§ Activity:
With the pictures excluded, output only the lines from the one containing "Generated image Sustainable" through the last line of the entries, unchanged.

§ Record extracts:

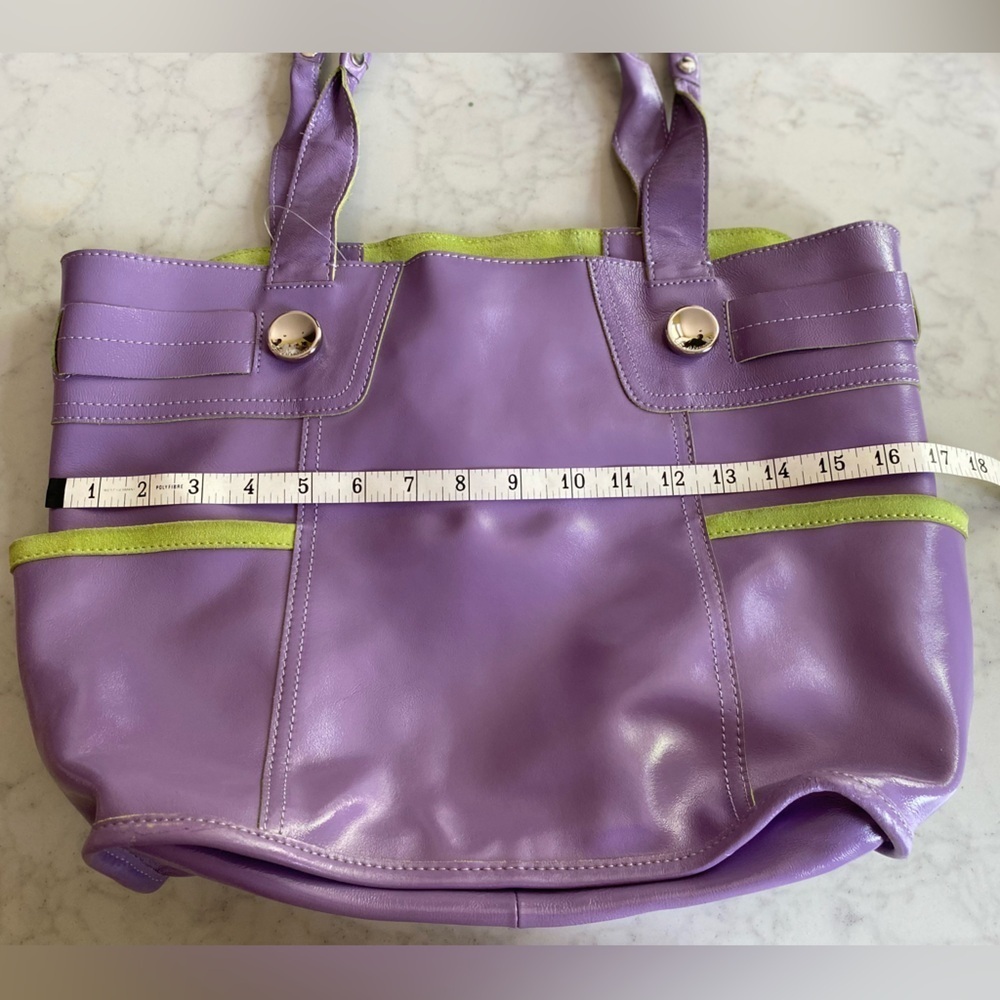 B Makowsky Purple Patten Leather Burbank Tote Bag with Green Accents NWT - Picture 3 of 10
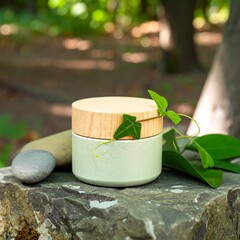 Generated image Sustainable Cosmetic Cream Jar with Green Accents and Stones 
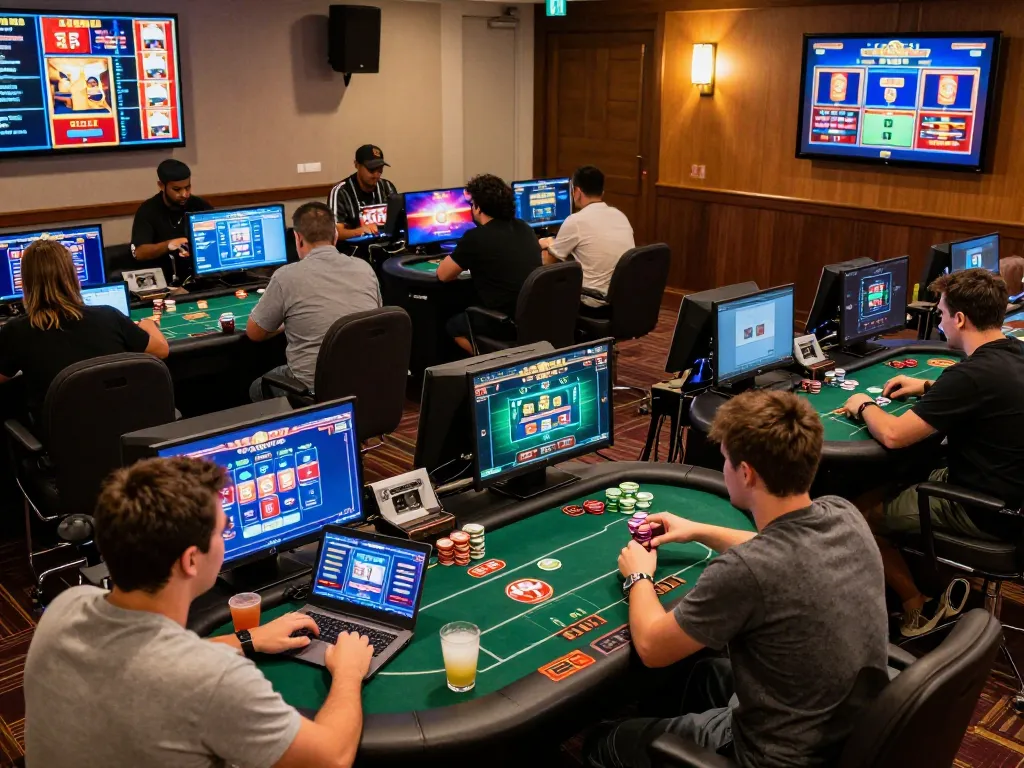 f1688 CEO guiding players in an engaging online gambling environment, showcasing vibrant gaming interfaces.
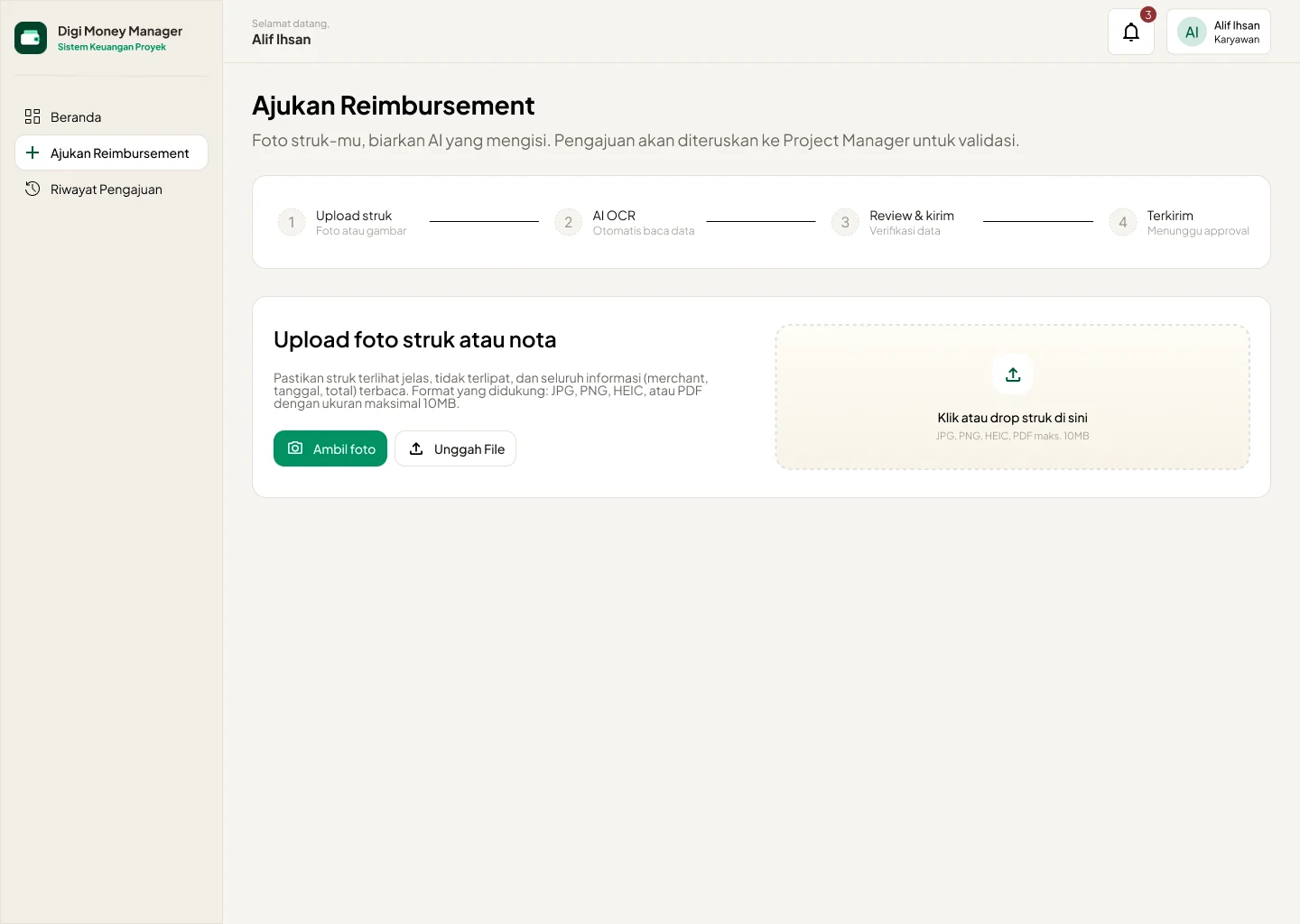 Progress Flow Ui Digi Money Manager · Alif Ihsan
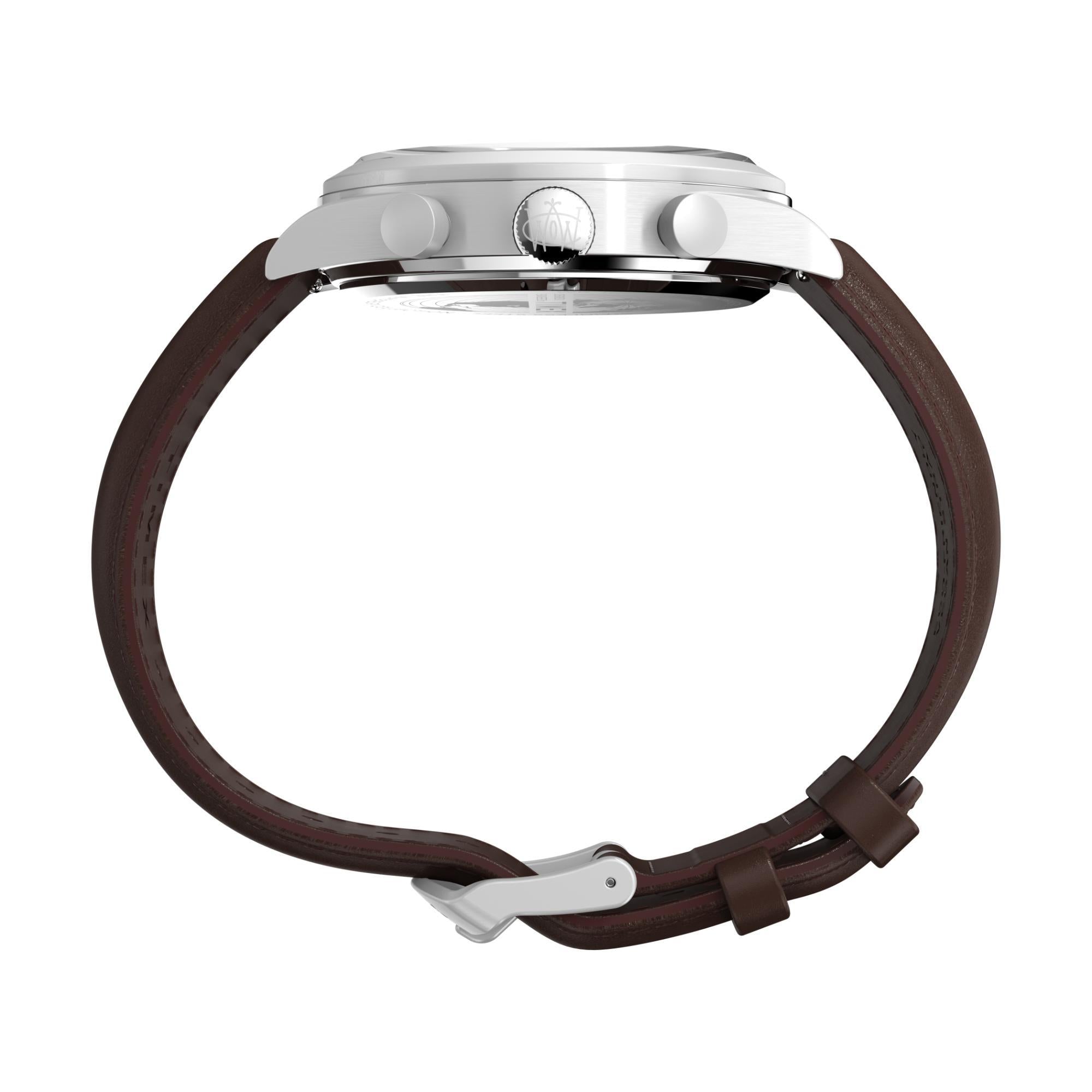 Timex Waterbury Traditional Fly-Back Chronograph Blue Dial Leather Strap Men’s Watch TW2W47900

§ Expected output:
 Generated image Sustainable Cosmetic Cream Jar with Green Accents and Stones 
 f1688 CEO guiding players in an engaging online gambling environment, showcasing vibrant gaming interfaces.
 Progress Flow Ui Digi Money Manager · Alif Ihsan
 Timex Waterbury Traditional Fly-Back Chronograph Blue Dial Leather Strap Men’s Watch TW2W47900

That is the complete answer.